Чудеса с их последующим разоблачением

       Капитально изменившие облик России события 19-21 августа 1991 года сперва были торжественно названы "Преображенской революцией" и "славной революцией", затем — "преданной революцией", затем — вовсе преданы забвению. Причина тому не столько в неоднозначном и противоречивом характере развития послеавгустовской России, сколько в слабо развитом у русских умов чувстве истории.
       
       Прежде чем рассуждать о "преданной революции", уместно поинтересоваться у пользующихся таким выражением профессиональных историков, известен ли им хоть один пример другой революции. Всякое капитальное видоизменение общественного строя происходит под универсально-всечеловеческими лозунгами, а в конечном счете сводится к замене одной формы неравенства на другую. В этом смысле все революции — преданные и проданные. В наибольшей же степени являются преданными как раз "славные", т. е. относительно мирные и бескровные революции. Самый термин "славная революция" пошел от английского династического переворота 1688 года, изгнавшего с трона династию Стюартов и возведшую на него Ганноверский дом; в смысле же социальном сущность революции заключалась в союзе между буржуазией и "новым дворянством" ("перекрасившейся номенклатурой") против абсолютизма Якова II — это и обеспечило безболезненный характер переворота. Что же до английской истории послереволюционных лет, популярное представление о которой можно составить отчасти по Свифту, отчасти по роману "Человек, который смеется", то назвать ее славной было бы в высшей степени затруднительно.

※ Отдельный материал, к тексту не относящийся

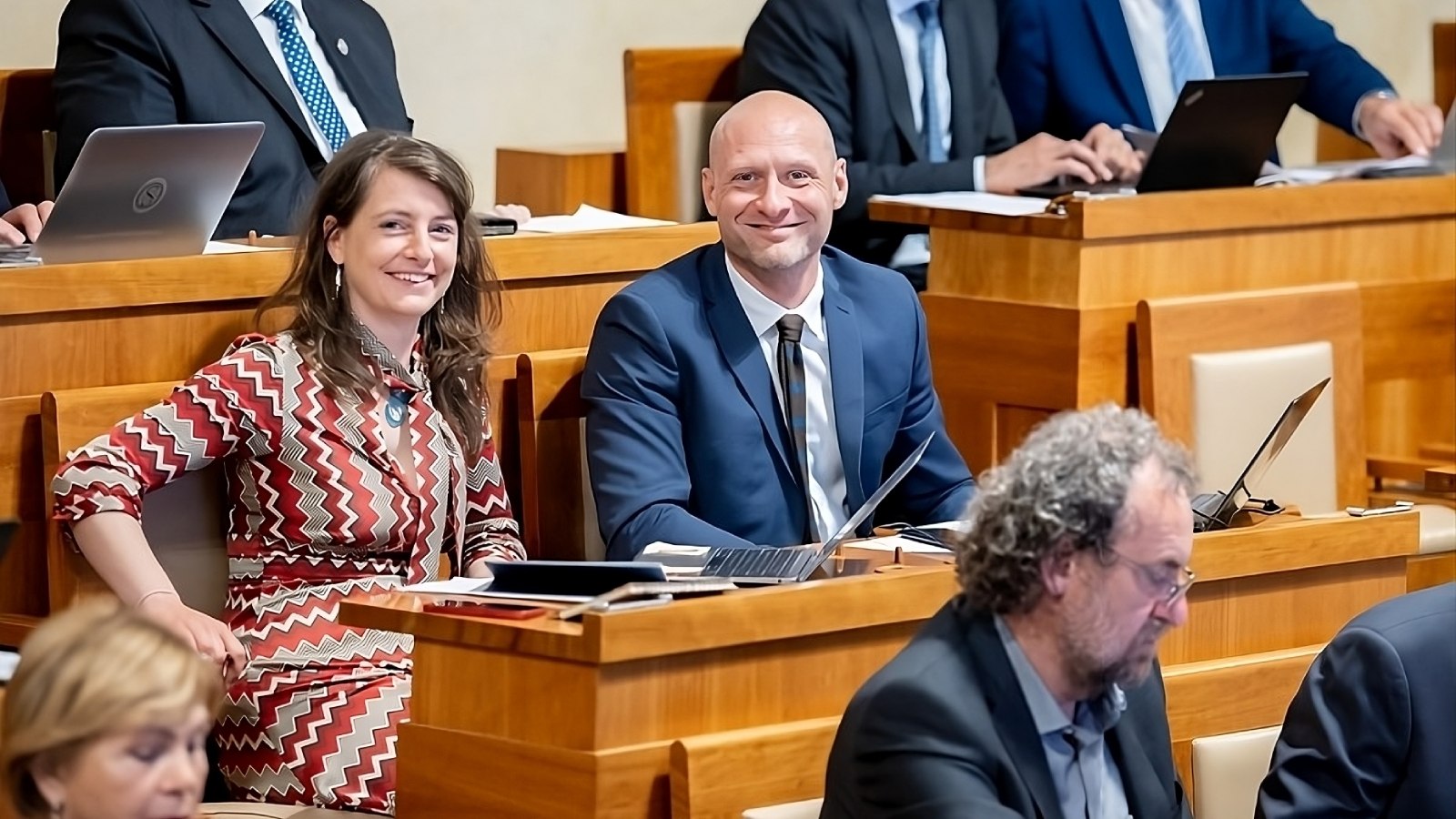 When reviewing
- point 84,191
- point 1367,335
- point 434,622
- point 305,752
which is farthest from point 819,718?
point 1367,335

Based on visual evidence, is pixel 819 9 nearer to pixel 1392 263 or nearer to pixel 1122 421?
pixel 1392 263

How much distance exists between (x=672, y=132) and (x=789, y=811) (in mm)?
2415

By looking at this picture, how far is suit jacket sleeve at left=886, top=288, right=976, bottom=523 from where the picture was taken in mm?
3248

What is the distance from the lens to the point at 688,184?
4.41m

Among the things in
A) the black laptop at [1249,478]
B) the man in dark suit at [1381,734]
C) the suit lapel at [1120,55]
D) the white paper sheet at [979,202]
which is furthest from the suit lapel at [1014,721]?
the suit lapel at [1120,55]

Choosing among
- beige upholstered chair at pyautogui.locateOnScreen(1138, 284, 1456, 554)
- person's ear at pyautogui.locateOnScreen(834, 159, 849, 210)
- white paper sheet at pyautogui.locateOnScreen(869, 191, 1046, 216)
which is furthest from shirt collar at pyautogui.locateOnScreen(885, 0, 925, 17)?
person's ear at pyautogui.locateOnScreen(834, 159, 849, 210)

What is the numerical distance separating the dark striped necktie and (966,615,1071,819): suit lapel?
1.12m

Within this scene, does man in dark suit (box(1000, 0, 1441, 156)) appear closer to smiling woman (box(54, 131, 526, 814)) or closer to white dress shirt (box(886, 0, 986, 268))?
white dress shirt (box(886, 0, 986, 268))

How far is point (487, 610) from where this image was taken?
2.37 m

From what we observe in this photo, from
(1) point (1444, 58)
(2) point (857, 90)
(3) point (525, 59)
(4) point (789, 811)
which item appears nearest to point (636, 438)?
(4) point (789, 811)

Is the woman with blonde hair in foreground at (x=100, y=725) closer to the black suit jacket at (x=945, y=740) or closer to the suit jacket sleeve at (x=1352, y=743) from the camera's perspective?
the black suit jacket at (x=945, y=740)

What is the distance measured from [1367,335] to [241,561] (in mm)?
2047

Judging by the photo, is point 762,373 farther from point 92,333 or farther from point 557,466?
point 92,333

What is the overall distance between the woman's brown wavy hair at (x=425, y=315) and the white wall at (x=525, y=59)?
2.35 meters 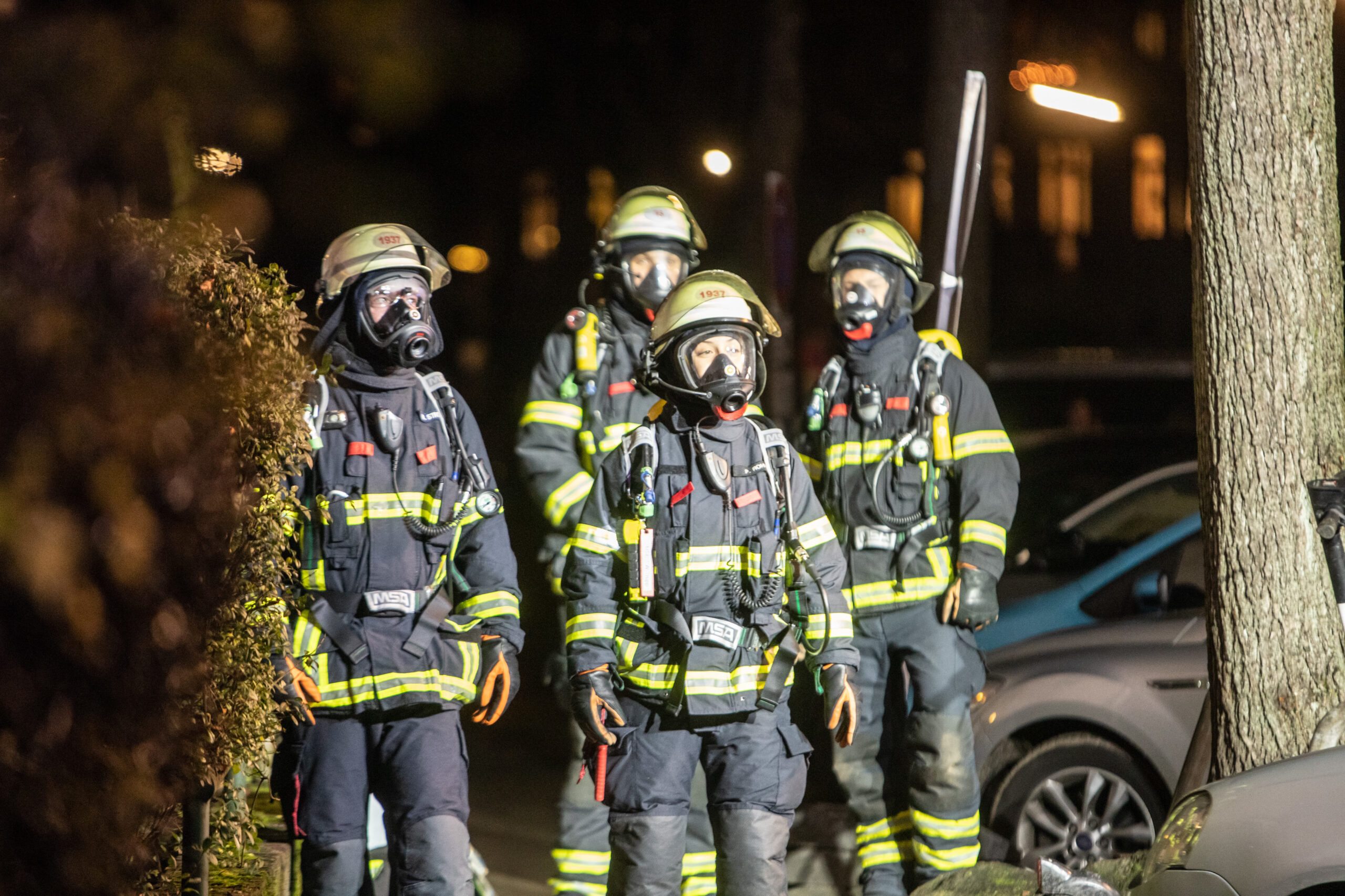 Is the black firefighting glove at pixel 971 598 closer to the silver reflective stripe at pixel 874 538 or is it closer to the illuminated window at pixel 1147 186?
the silver reflective stripe at pixel 874 538

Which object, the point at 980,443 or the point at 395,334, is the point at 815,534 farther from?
the point at 395,334

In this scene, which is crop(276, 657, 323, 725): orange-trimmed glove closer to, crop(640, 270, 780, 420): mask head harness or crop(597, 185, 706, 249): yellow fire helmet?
crop(640, 270, 780, 420): mask head harness

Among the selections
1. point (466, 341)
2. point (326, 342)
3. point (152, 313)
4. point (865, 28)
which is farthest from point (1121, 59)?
point (152, 313)

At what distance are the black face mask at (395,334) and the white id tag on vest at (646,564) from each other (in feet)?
2.74

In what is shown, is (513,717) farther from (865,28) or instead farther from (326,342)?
(865,28)

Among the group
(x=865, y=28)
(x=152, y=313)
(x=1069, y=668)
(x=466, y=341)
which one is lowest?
(x=1069, y=668)

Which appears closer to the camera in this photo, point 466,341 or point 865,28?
point 865,28

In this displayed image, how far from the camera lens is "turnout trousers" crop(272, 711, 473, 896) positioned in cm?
411

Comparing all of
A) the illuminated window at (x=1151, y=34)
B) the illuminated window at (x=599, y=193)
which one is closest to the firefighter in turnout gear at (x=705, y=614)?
the illuminated window at (x=599, y=193)

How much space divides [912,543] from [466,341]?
1908 cm

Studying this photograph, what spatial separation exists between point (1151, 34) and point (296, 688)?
2051cm

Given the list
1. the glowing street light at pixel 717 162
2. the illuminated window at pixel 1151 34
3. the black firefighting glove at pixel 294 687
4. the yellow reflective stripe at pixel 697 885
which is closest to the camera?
the black firefighting glove at pixel 294 687

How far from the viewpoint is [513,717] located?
905cm

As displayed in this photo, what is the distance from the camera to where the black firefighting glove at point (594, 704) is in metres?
4.16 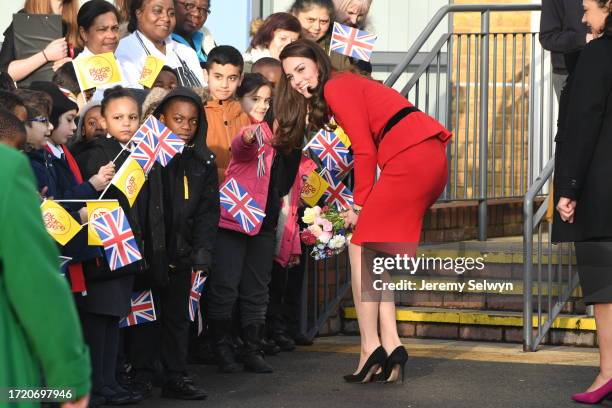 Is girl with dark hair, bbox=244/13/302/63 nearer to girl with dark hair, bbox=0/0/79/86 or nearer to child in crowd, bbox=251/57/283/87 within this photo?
child in crowd, bbox=251/57/283/87

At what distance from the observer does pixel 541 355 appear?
27.8 feet

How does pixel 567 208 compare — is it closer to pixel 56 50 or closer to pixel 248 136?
pixel 248 136

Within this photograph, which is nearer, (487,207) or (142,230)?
(142,230)

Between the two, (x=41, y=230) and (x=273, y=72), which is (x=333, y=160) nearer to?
(x=273, y=72)

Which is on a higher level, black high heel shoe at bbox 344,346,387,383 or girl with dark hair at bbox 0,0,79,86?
girl with dark hair at bbox 0,0,79,86

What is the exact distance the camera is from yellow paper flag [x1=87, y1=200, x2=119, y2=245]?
6199 millimetres

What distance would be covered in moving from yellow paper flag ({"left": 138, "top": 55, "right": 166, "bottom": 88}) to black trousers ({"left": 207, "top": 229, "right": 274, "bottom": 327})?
38.7 inches

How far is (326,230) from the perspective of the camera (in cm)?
785

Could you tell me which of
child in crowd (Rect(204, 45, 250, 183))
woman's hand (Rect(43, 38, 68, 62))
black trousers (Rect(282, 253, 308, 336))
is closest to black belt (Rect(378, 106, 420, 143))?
child in crowd (Rect(204, 45, 250, 183))

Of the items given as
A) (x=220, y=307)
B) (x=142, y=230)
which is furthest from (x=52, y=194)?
(x=220, y=307)

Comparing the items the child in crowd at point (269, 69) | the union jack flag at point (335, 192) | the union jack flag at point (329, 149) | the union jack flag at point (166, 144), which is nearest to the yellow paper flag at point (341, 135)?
the union jack flag at point (329, 149)

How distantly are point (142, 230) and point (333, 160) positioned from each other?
2.13 meters

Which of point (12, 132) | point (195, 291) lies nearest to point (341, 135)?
point (195, 291)

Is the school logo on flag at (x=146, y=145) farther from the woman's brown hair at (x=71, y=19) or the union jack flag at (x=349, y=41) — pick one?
the union jack flag at (x=349, y=41)
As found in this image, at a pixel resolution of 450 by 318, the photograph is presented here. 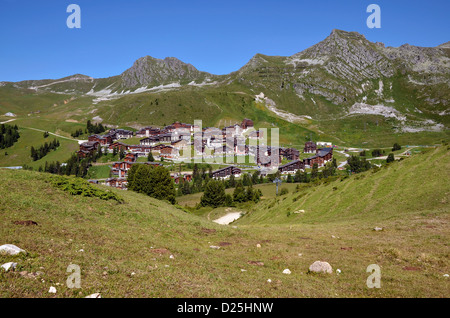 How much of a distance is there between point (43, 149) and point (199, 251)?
676ft

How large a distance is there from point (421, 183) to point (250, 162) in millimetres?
141430

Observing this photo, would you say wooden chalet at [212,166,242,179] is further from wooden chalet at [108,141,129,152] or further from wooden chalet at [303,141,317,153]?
wooden chalet at [108,141,129,152]

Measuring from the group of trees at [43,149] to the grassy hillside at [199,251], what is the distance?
597ft

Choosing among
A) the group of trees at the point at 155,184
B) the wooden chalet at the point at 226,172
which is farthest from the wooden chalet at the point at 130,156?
the group of trees at the point at 155,184

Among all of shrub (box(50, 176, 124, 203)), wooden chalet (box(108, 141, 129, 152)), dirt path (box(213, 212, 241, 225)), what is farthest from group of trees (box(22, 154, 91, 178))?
shrub (box(50, 176, 124, 203))

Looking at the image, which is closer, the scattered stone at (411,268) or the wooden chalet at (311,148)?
the scattered stone at (411,268)

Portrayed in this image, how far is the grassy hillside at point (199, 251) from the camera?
1048 cm

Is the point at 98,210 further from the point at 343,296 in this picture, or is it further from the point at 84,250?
the point at 343,296

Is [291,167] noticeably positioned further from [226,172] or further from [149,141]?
[149,141]

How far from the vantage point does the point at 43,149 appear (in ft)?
596

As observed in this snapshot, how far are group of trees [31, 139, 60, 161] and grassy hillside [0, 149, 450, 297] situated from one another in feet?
597

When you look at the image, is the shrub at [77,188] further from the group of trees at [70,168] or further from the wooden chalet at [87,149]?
the wooden chalet at [87,149]

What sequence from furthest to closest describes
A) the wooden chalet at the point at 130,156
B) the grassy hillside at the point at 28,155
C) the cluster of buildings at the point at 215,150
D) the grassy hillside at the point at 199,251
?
the grassy hillside at the point at 28,155 < the wooden chalet at the point at 130,156 < the cluster of buildings at the point at 215,150 < the grassy hillside at the point at 199,251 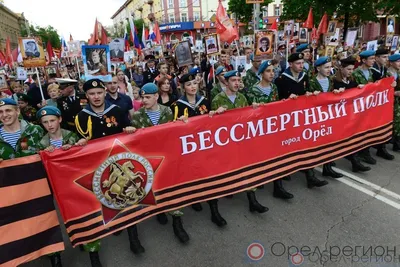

       Суть проблемы в том, что англичане и русские различно толкуют само понятие "славной революции". Для англичан это бескровно-компромиссное (но, следовательно, частичное и неполное) устранение завала, лежащего на пути развития нации. Для русских это величаво-бескомпромиссный (т. е. по необходимости кровавый, чем русские, впрочем, тоже будут крайне недовольны) прорыв из царства необходимости в царство свободы, оно же — царство разума. Отсюда и чрезвычайное разочарование: август 1991 года оказался "славной революцией" в английском смысле, тогда как прорыв в царство свободы отнюдь не наступил — цепи необходимости по-прежнему сковывают человеческое бытие. Филистерская же мудрость поэта-демократа Некрасова: "Знаю, на место цепей крепостных люди придумали много иных. Так! Но распутать их легче народу — муза, с надеждой приветствуй свободу!" не слишком популярна у русской общественности, предпочитающей рекомендованную тем же Некрасовым "необузданную, дикую к угнетателям вражду".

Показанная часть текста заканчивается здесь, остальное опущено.